## The records:
════

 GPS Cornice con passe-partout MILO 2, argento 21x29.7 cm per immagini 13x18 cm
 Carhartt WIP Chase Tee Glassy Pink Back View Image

════

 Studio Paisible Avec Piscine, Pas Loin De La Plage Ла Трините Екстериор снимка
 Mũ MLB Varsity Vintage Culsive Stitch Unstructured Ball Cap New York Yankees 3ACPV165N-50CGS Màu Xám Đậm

════

## Task to complete:
In the data above, find the line that contains "GPS Cornice con" and the line that contains "Carhartt WIP Chase". Repeat exactly those lines and every line between them, and only those.

## Response area:
 GPS Cornice con passe-partout MILO 2, argento 21x29.7 cm per immagini 13x18 cm
 Carhartt WIP Chase Tee Glassy Pink Back View Image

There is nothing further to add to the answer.